## Data supplied
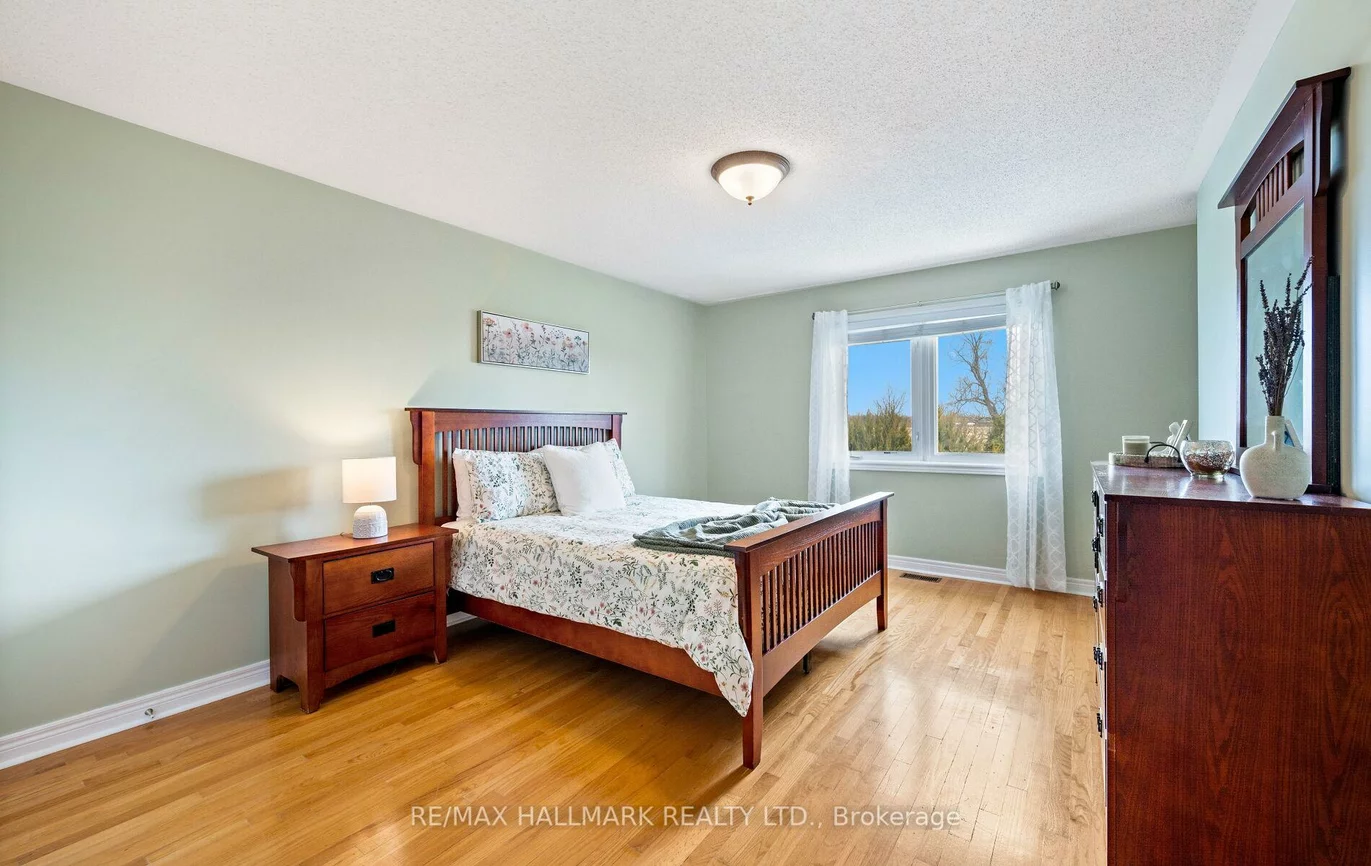 37, Witherspoon, Nobleton, King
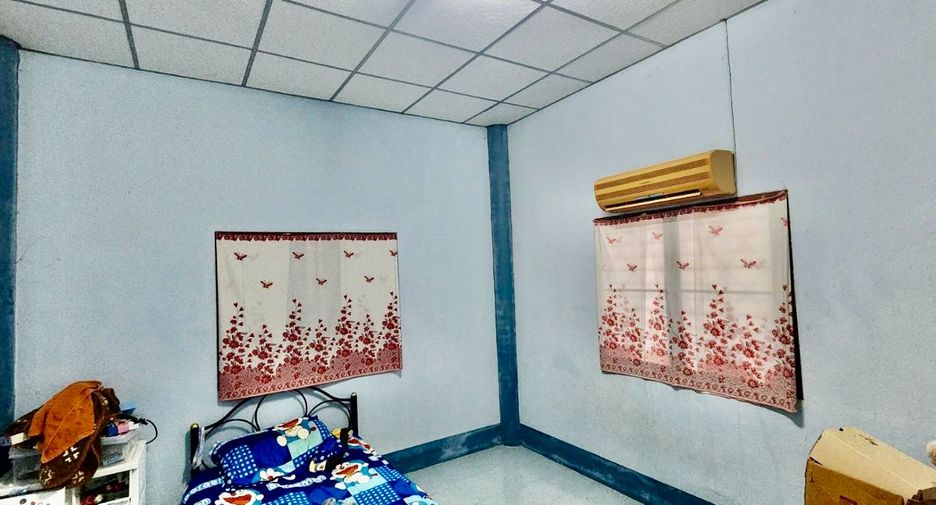 For sale 3 bedrooms house in Phanom Sarakham, Chachoengsao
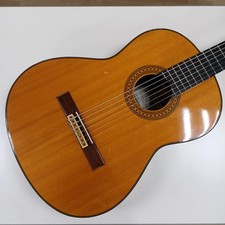 Guitare classique Yamaha Grand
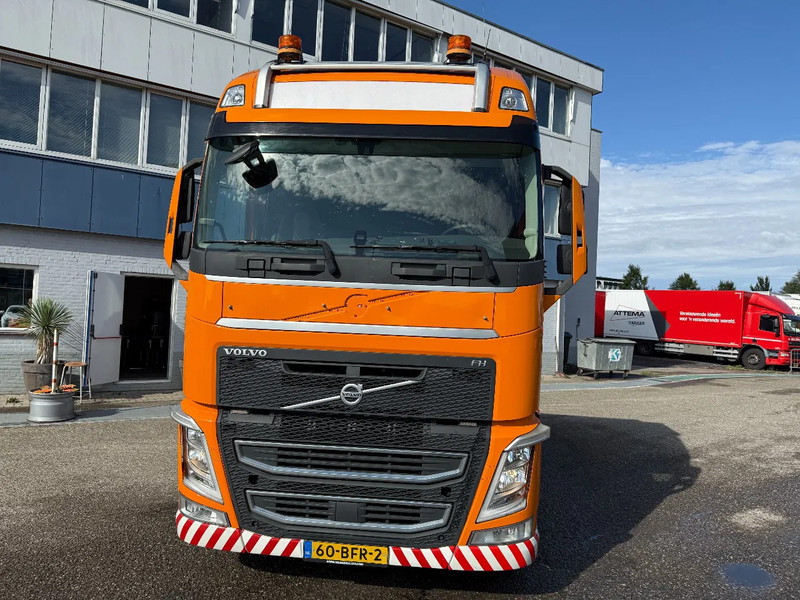Volvo FH 4 540, 8X4, 703656 KM, INTARDER TUV 25-02-2026 - 트랙터 유닛 : 사진 2 Volvo FH 4 540, 8X4, 703656 KM, INTARDER TUV 25-02-2026 - 트랙터 유닛 : 사진 2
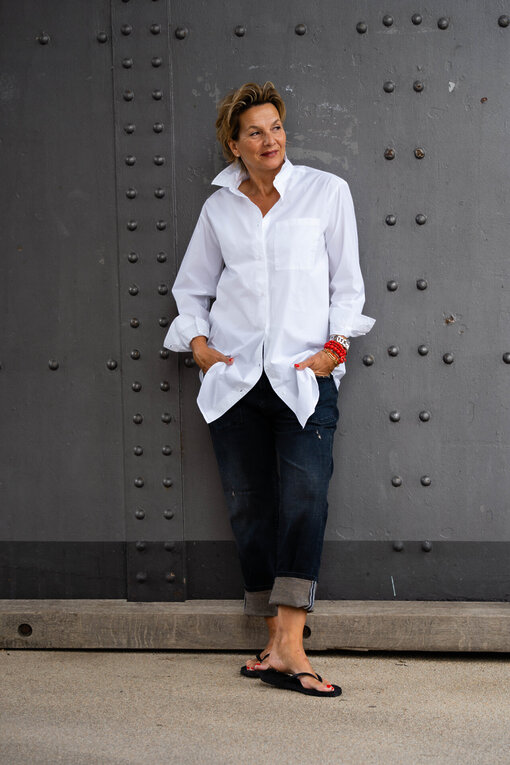 Oversized Hemdbluse “BLOSSOM” optic white (SE50)/ Jeans “SENDY” lazy blue (ER77)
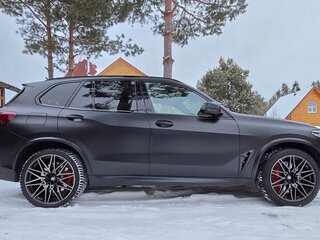 2021 BMW X5 M Competition III (F95), чёрный, 12000000 рублей, вид 4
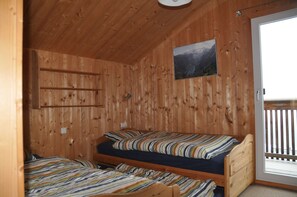 2 bedrooms, free WiFi, bed sheets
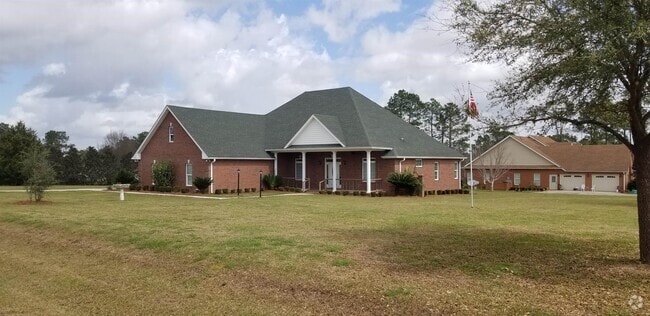 Building Photo - 565 Twin Ponds Dr Rental
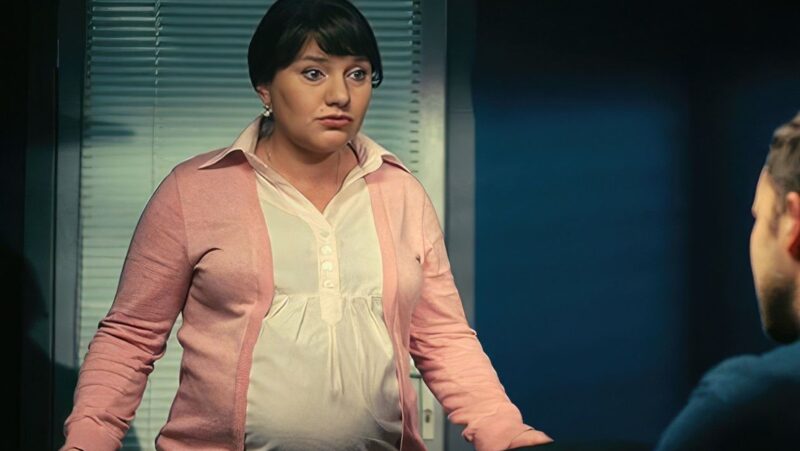 Кадр из сериала «Мама-детектив», где актриса снималась в период беременности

## Exercise objective
Excluding images, return all of the records above word for word.

## Solution for this problem
 37, Witherspoon, Nobleton, King
 For sale 3 bedrooms house in Phanom Sarakham, Chachoengsao
 Guitare classique Yamaha Grand
Volvo FH 4 540, 8X4, 703656 KM, INTARDER TUV 25-02-2026 - 트랙터 유닛 : 사진 2 Volvo FH 4 540, 8X4, 703656 KM, INTARDER TUV 25-02-2026 - 트랙터 유닛 : 사진 2
 Oversized Hemdbluse “BLOSSOM” optic white (SE50)/ Jeans “SENDY” lazy blue (ER77)
 2021 BMW X5 M Competition III (F95), чёрный, 12000000 рублей, вид 4
 2 bedrooms, free WiFi, bed sheets
 Building Photo - 565 Twin Ponds Dr Rental
 Кадр из сериала «Мама-детектив», где актриса снималась в период беременности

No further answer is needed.